YOUR ASSIGNMENT:
An exact reproduction of the records is required, with all pictures omitted.

(Records drawn from a dataset)
- - - - -
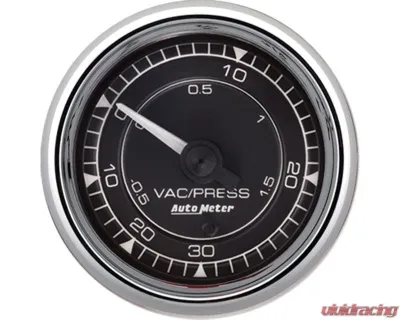 AutoMeter Chrono 2-1/16" VAC/Boost 30in HG/30PSI Mechanical Gauge Chrome - 9703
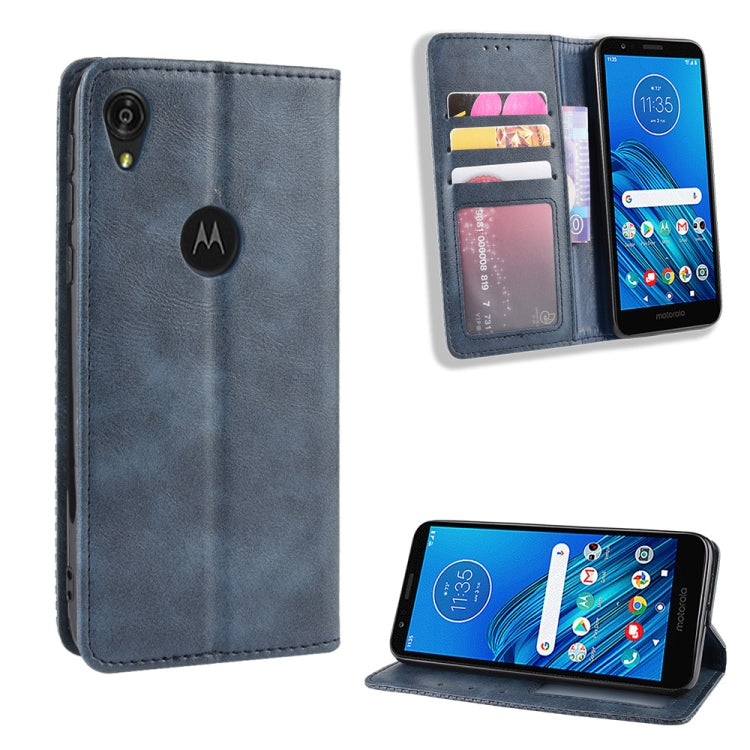 Magnetic Buckle Retro Crazy Horse Texture Horizontal Flip Leather Case for Motorola Moto E6,with Holder & Card Slots & Photo Frame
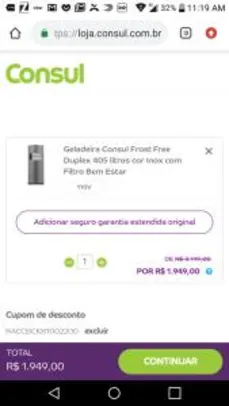 Geladeira Consul Frost Free Duplex 437L CRM55AB - R$1949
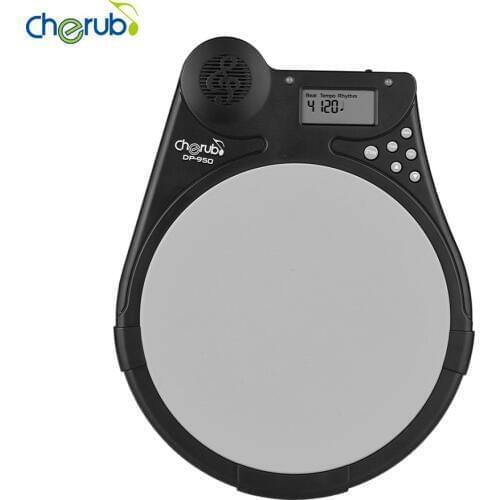 Cherub Mute Drum Tutor Portable Digital Drum Practice Pad with 9 Preset Drum Styles 4 Training Modes Metronome Function LCD
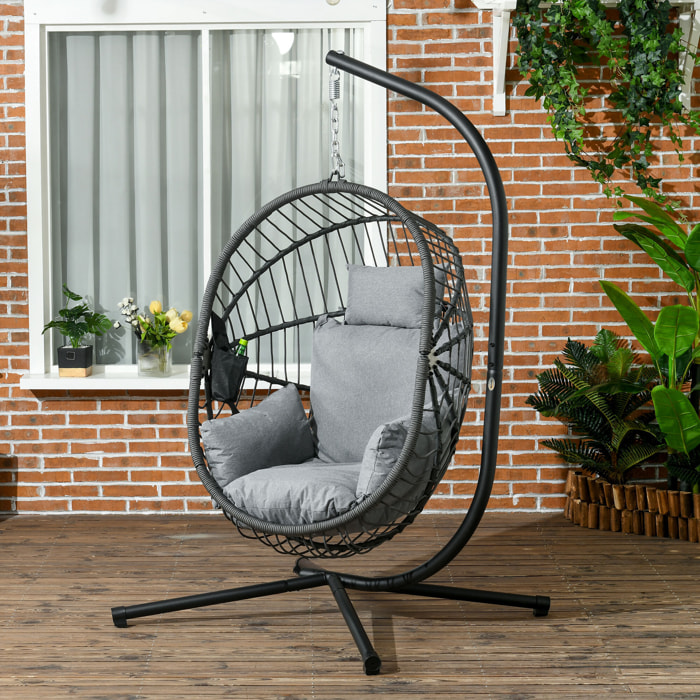 Silla Colgante Huevo con Soporte Columpio Jardín Exterior con Cesta Plegable Cojín y Reposacabezas Columpio Colgante para Interior y Exterior Carga 120 kg Gris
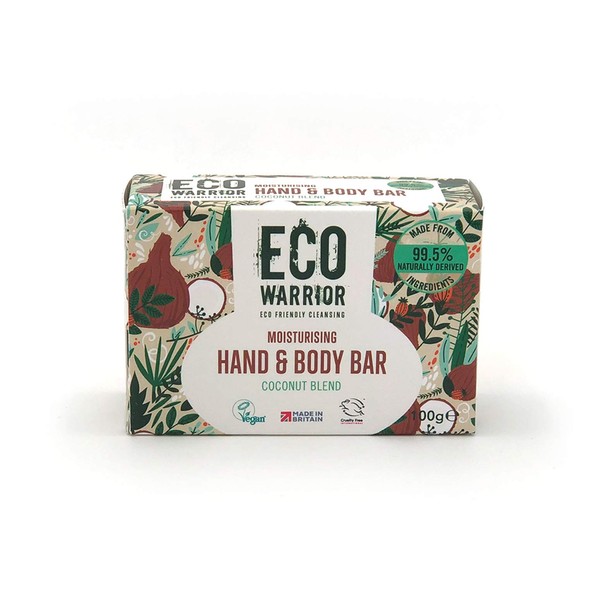 Eco Warrior Moisturising Hand & Body Soap Bar - Richly Nourishing Coconut Blend and Pure Essential Oils including Vanilla - Natural, Eco Friendly, Vegan and Cruelty Free Bar of Soap - 100g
- - - - -
RESULT OF THIS EXERCISE:
 AutoMeter Chrono 2-1/16" VAC/Boost 30in HG/30PSI Mechanical Gauge Chrome - 9703
 Magnetic Buckle Retro Crazy Horse Texture Horizontal Flip Leather Case for Motorola Moto E6,with Holder & Card Slots & Photo Frame
 Geladeira Consul Frost Free Duplex 437L CRM55AB - R$1949
 Cherub Mute Drum Tutor Portable Digital Drum Practice Pad with 9 Preset Drum Styles 4 Training Modes Metronome Function LCD
 Silla Colgante Huevo con Soporte Columpio Jardín Exterior con Cesta Plegable Cojín y Reposacabezas Columpio Colgante para Interior y Exterior Carga 120 kg Gris
 Eco Warrior Moisturising Hand & Body Soap Bar - Richly Nourishing Coconut Blend and Pure Essential Oils including Vanilla - Natural, Eco Friendly, Vegan and Cruelty Free Bar of Soap - 100g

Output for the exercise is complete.